Go through the listing and repeat each entry exactly, but include no pictures.

"""

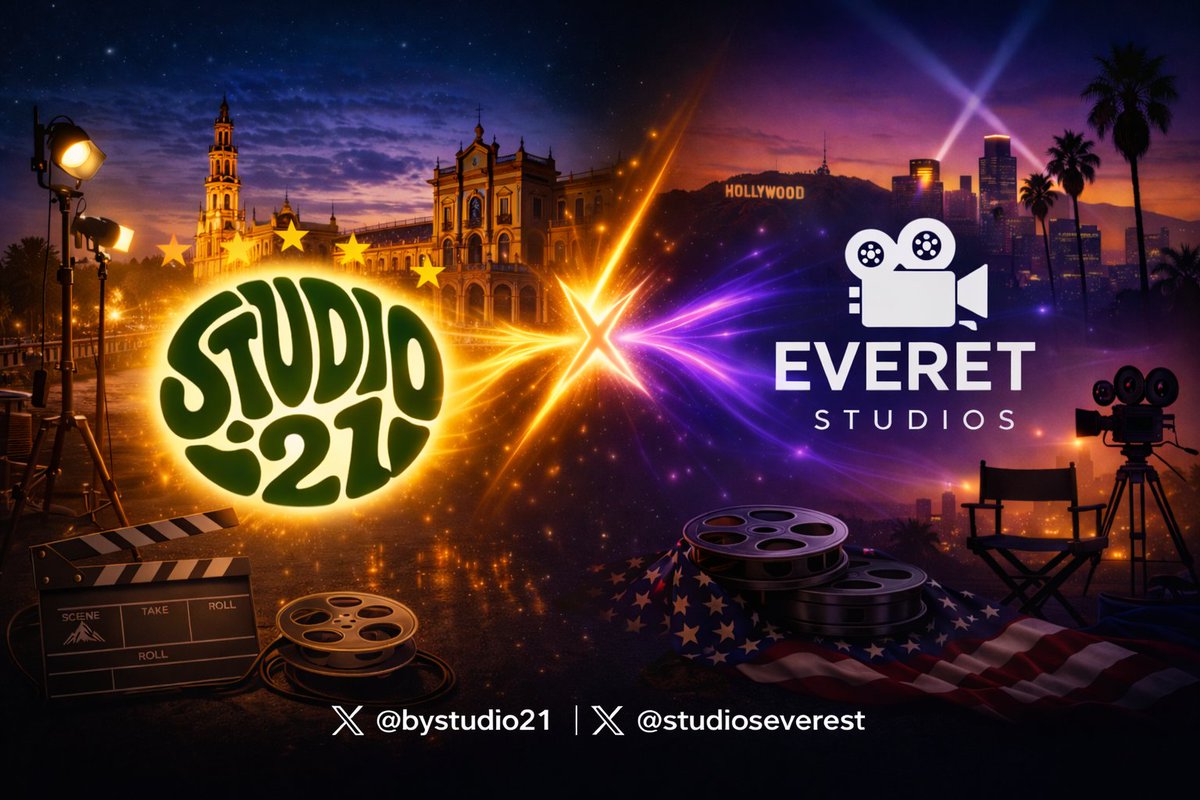 S²¹ LA CASA DEL ARTE ᴿᴾ tweet media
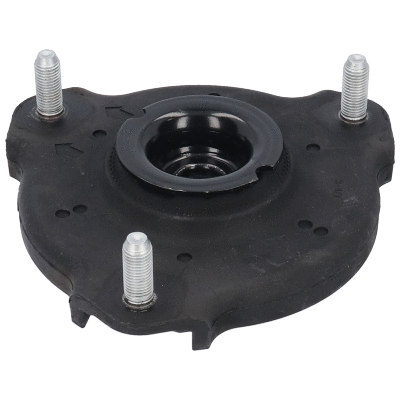 Suspension Strut Support Mount (VE53674)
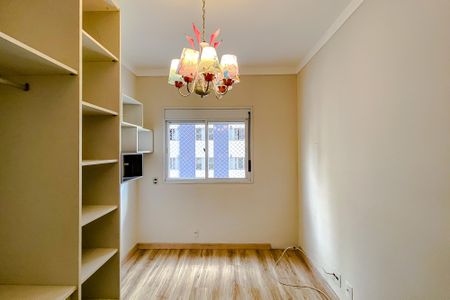 Apartamento à venda com 112m², 3 quartos e 2 vagasSuíte 1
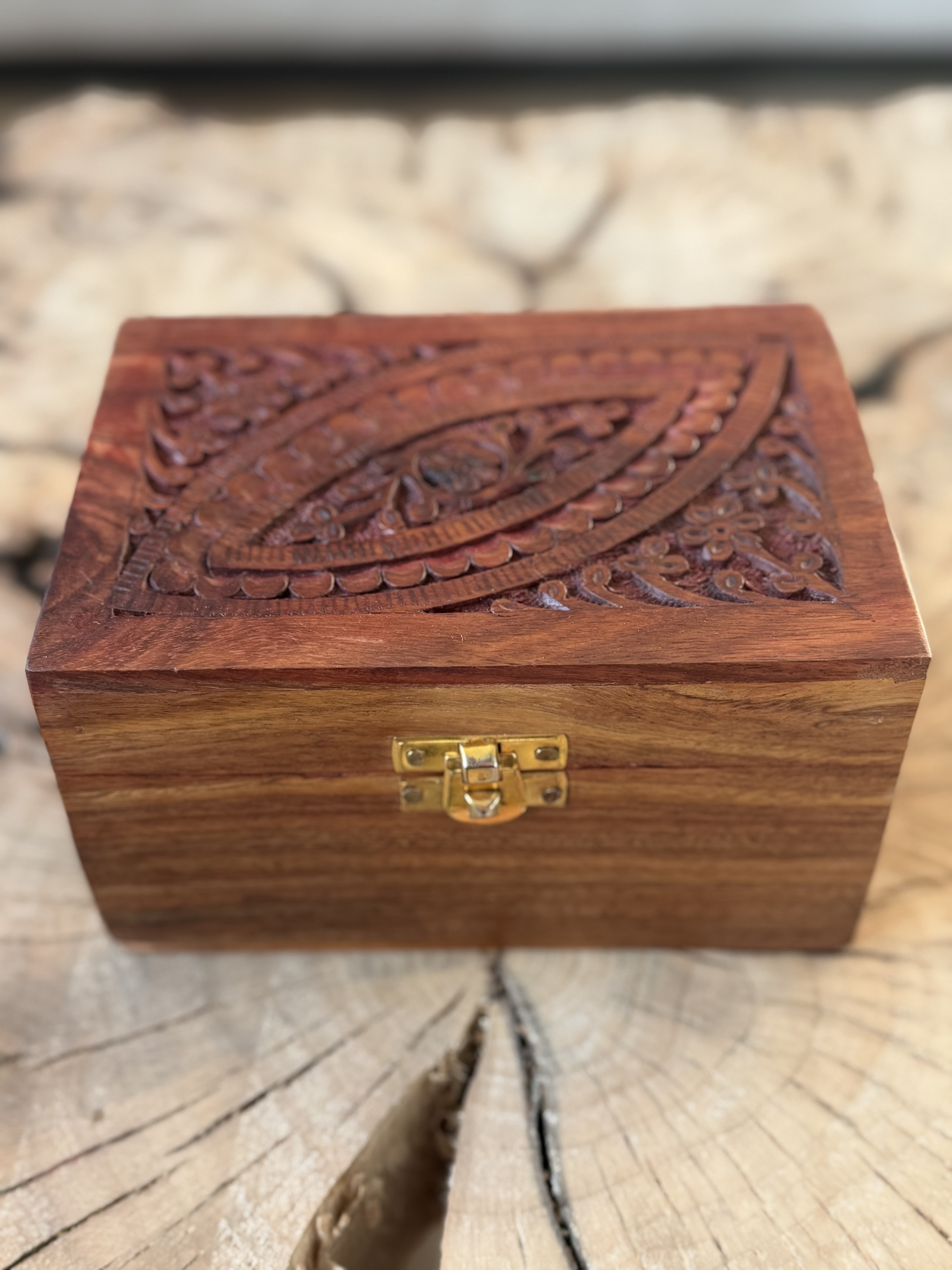Crystal Chip Spell Kit - Image 3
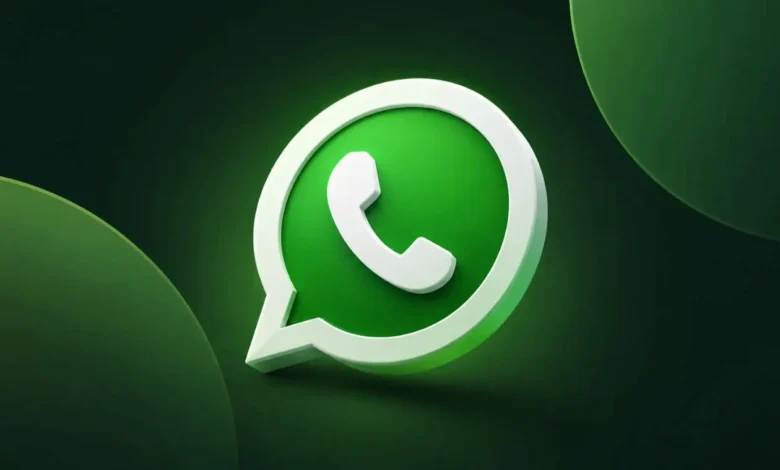 واتساپ در آیفون قابلیت جدید نمایش آنلاین بودن مخاطبان را آزمایش میکند - چیکاو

"""

__Answer space__.
 S²¹ LA CASA DEL ARTE ᴿᴾ tweet media
 Suspension Strut Support Mount (VE53674)
 Apartamento à venda com 112m², 3 quartos e 2 vagasSuíte 1
Crystal Chip Spell Kit - Image 3
 واتساپ در آیفون قابلیت جدید نمایش آنلاین بودن مخاطبان را آزمایش میکند - چیکاو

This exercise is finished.